QUARREL BETWEEN HENRY IV AND GREGORY VII

[1075 A.D.]

We know how, amidst the indescribable barbarism, misery, and violence of the eleventh century, a reformation of morals, though in a gloomy monastic form, had proceeded from the convent of Cluny; and how the emperor Henry III himself had endeavoured to promote it. Through Hildebrand this reformation was transferred to Rome, to the court of the popes, who for nearly two centuries had been oblivious of the vocation ascribed to them by the faith of the age. As long as Henry III was alive, the Romans on whom the election still depended had, by Hildebrand’s advice, allowed the emperor to designate the popes.

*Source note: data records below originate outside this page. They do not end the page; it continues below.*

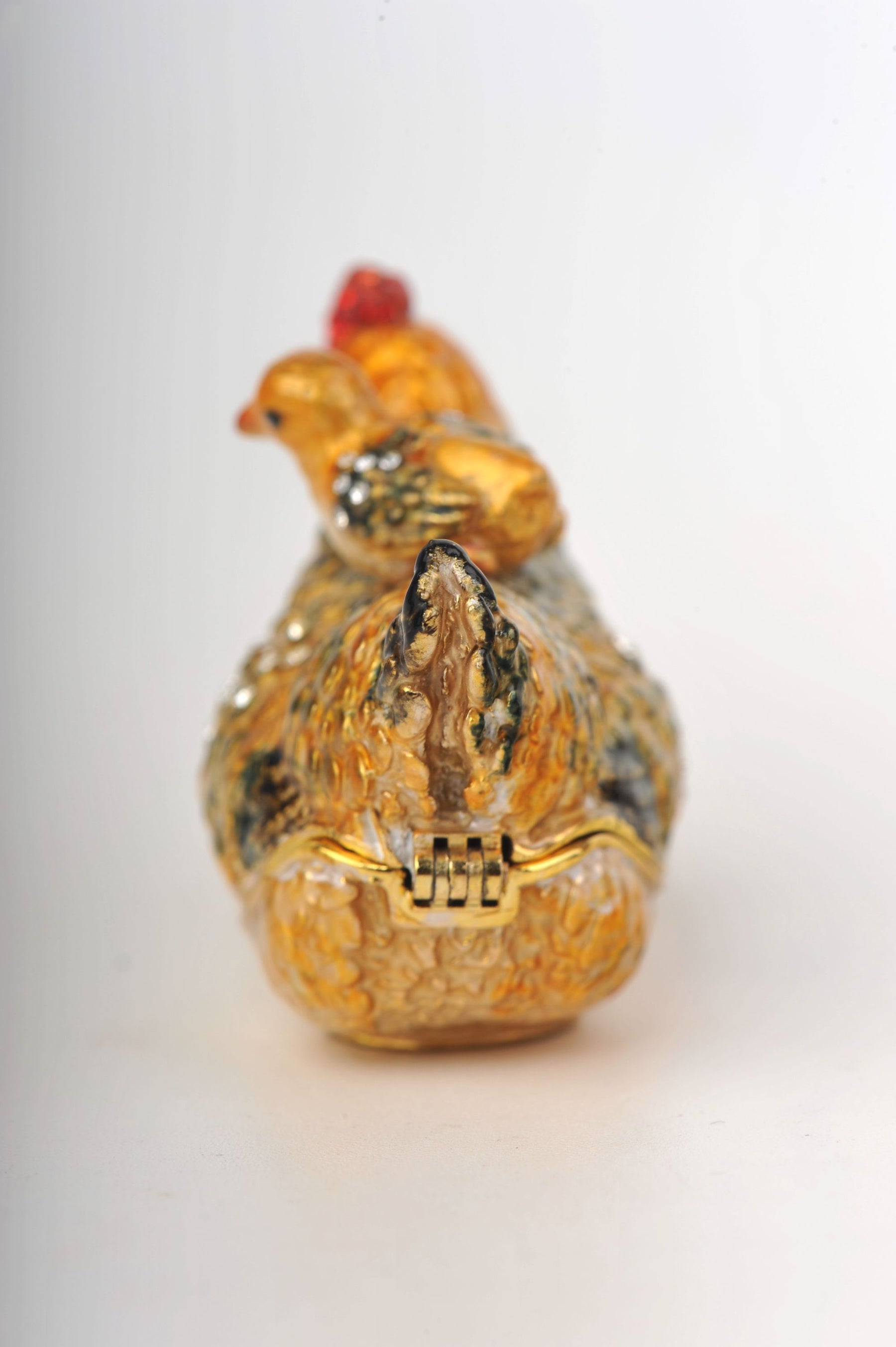 Keren Kopal Chick on a Chicken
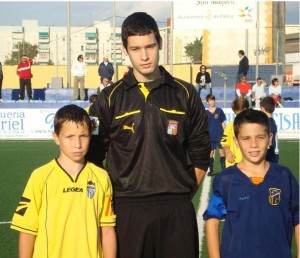 El colegiado del partido con los capitanes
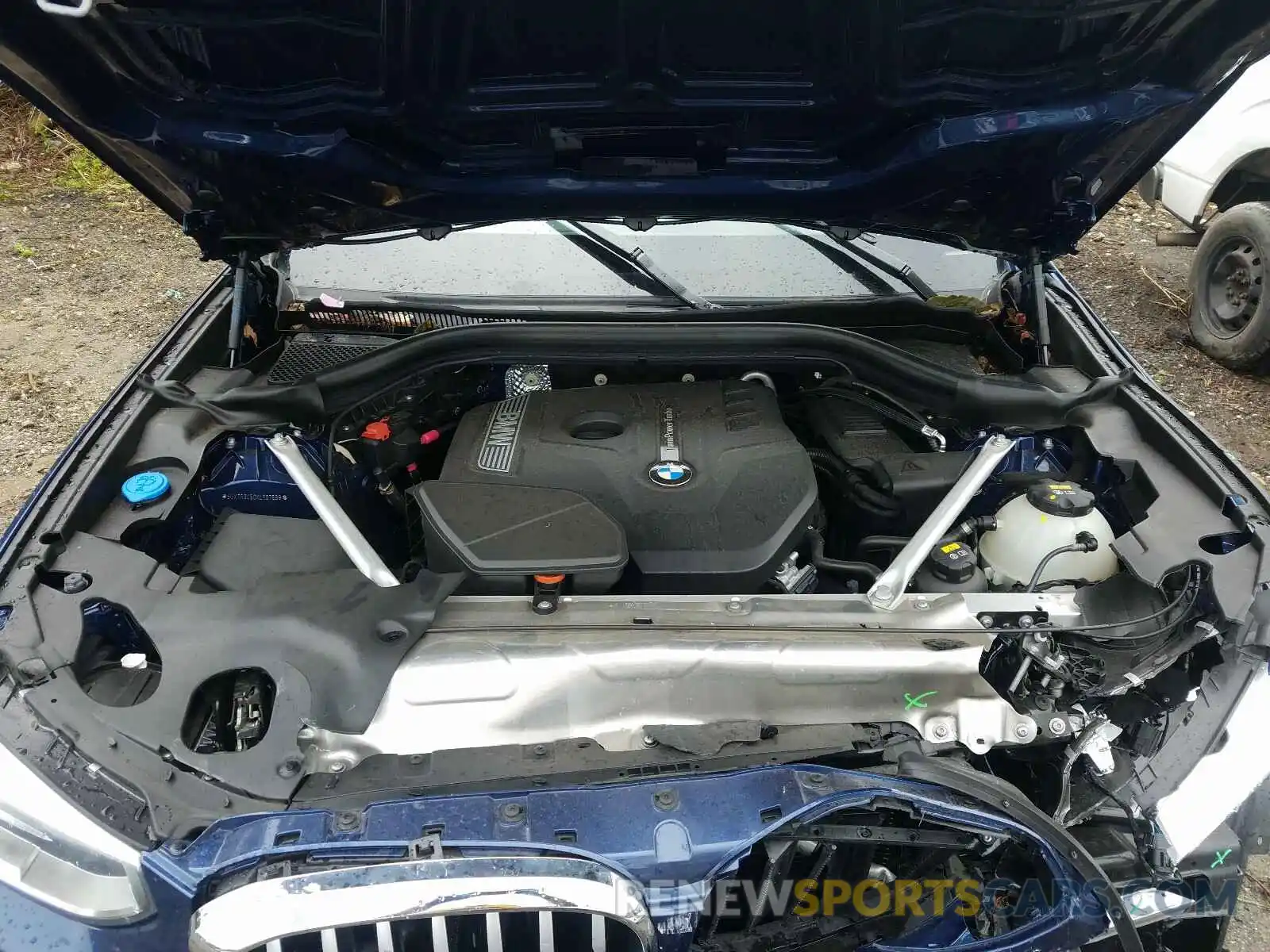 7 Photograph of a damaged car 5UXTR9C50KLR07569 BMW X3 2019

During the minority of Henry IV, the election was for the first time committed to the college of cardinals; and in 1075 Hildebrand was elected pope under the title of Gregory VII.

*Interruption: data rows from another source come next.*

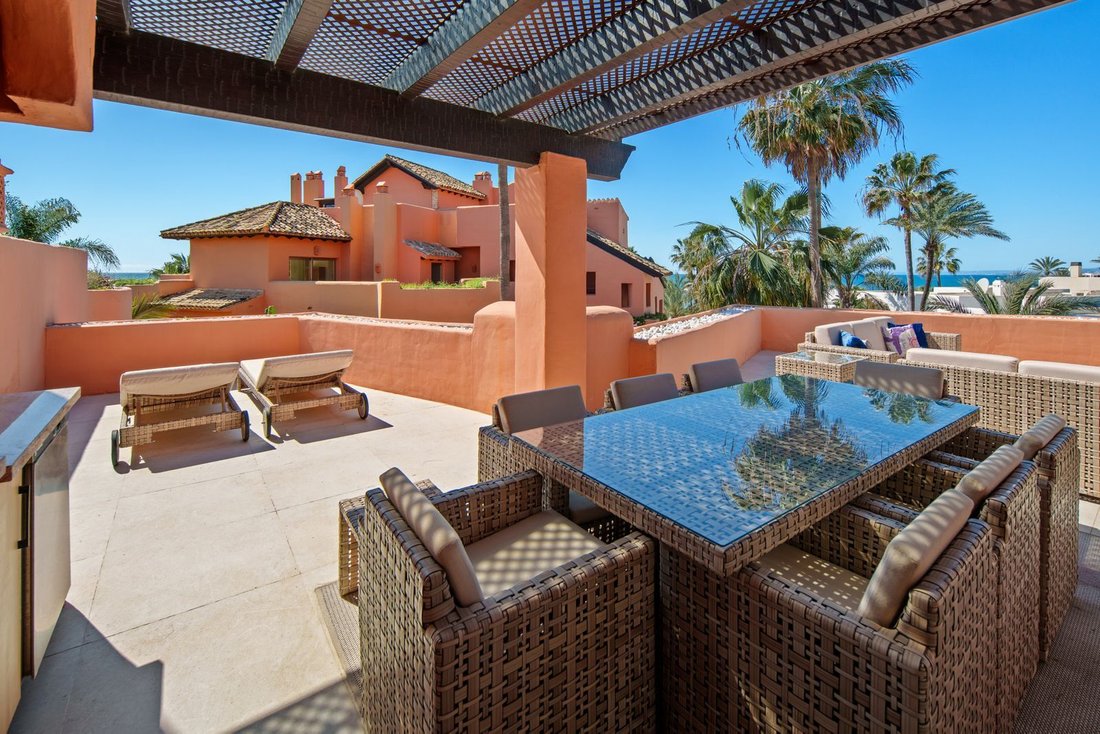 Penthouse in Marbella, Andalusia, Spain 4 - 18118469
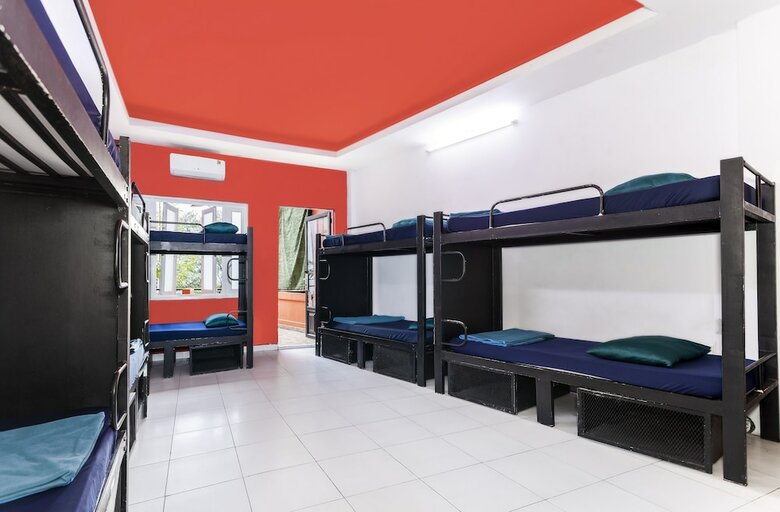 Hostal Hangout Hostel Hcm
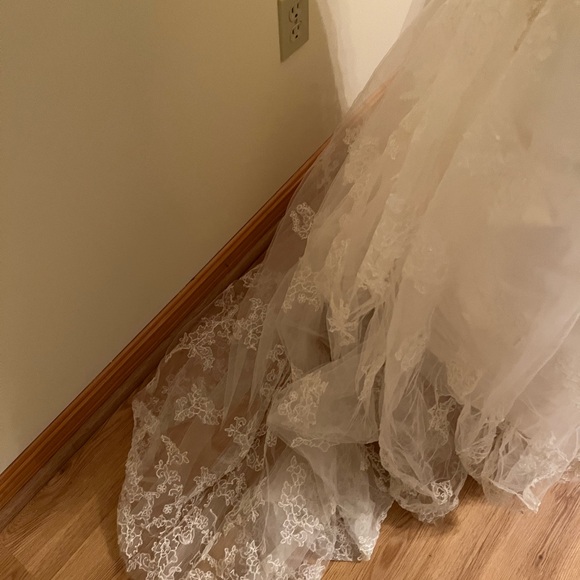 Casablanca bridal. Gorgeous beading - Picture 4 of 12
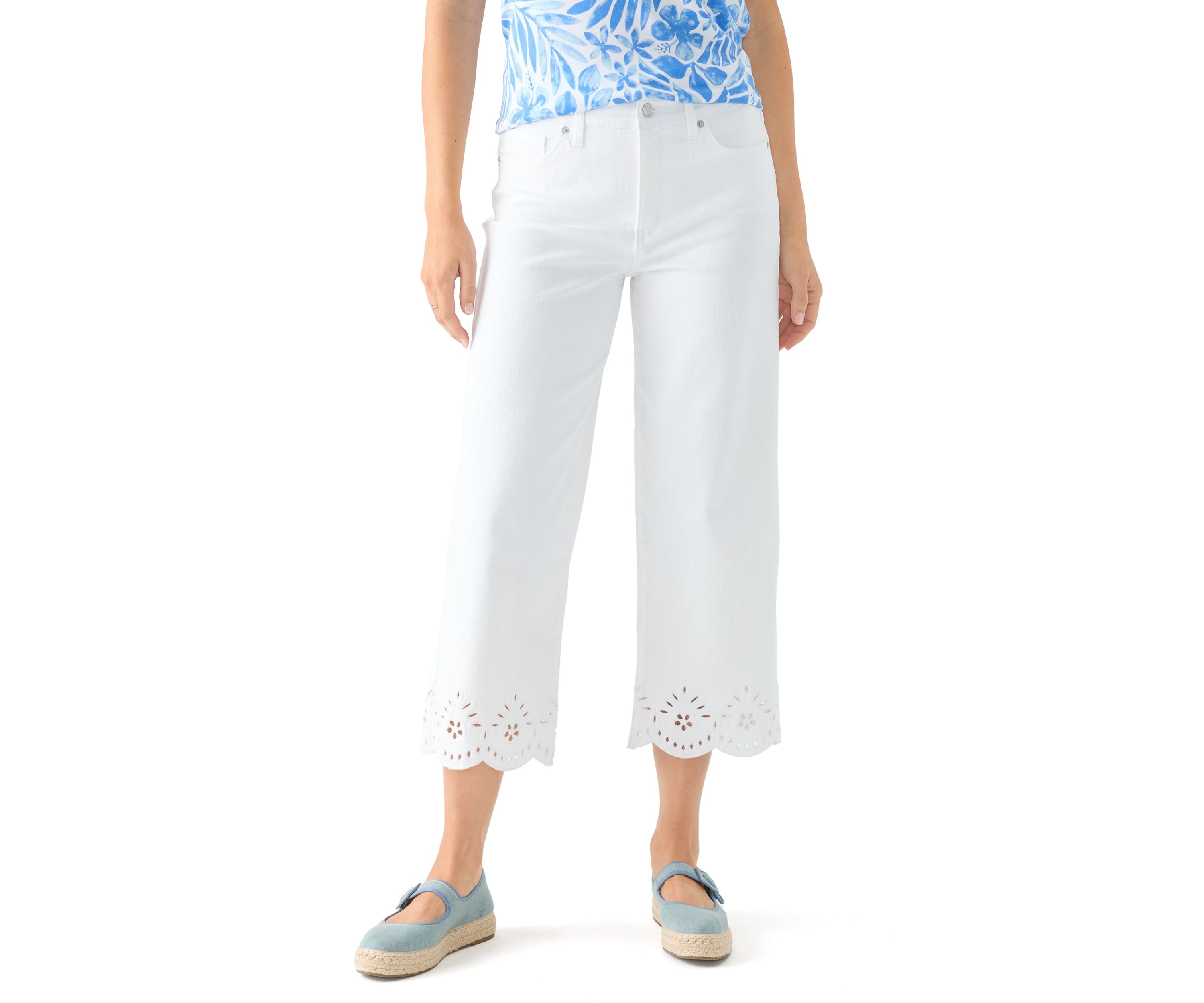Womens Eyelet Scallop Hem Cropped Pants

This great and gifted man immediately proceeded to carry his own ideas into practice. He would have the church thenceforth free from all temporal authority, that of the emperor included. He therefore issued an edict, which had already been suggested in earlier counsels but never carried out, prescribing the celibacy of the clergy. Unhampered by wife, child, and earthly cares, the clergy were in future to feel themselves merely members of a powerful ecclesiastical community, receiving orders from Rome, from the successor of St. Peter, the vicegerent of God and Christ upon earth. This edict, deeply as it touched the life of the nation, might seem to affect the emperor but slightly; yet a second struck at the roots of his power. Henceforth neither the emperor nor any temporal sovereign was to appoint bishops; in the phraseology of the time the investiture—i.e., the conferring of the ring and crosier, the symbols of episcopal office—was no longer to be in the hands of laymen. The cathedral chapter, that is to say the college of clergy attached to each cathedral, was to make the election, the pope to confirm it; no gift nor purchase was to be made on elevation to the sacred office, otherwise the candidate was guilty of simony, as the offence was styled, by a reference to Acts, viii, 18.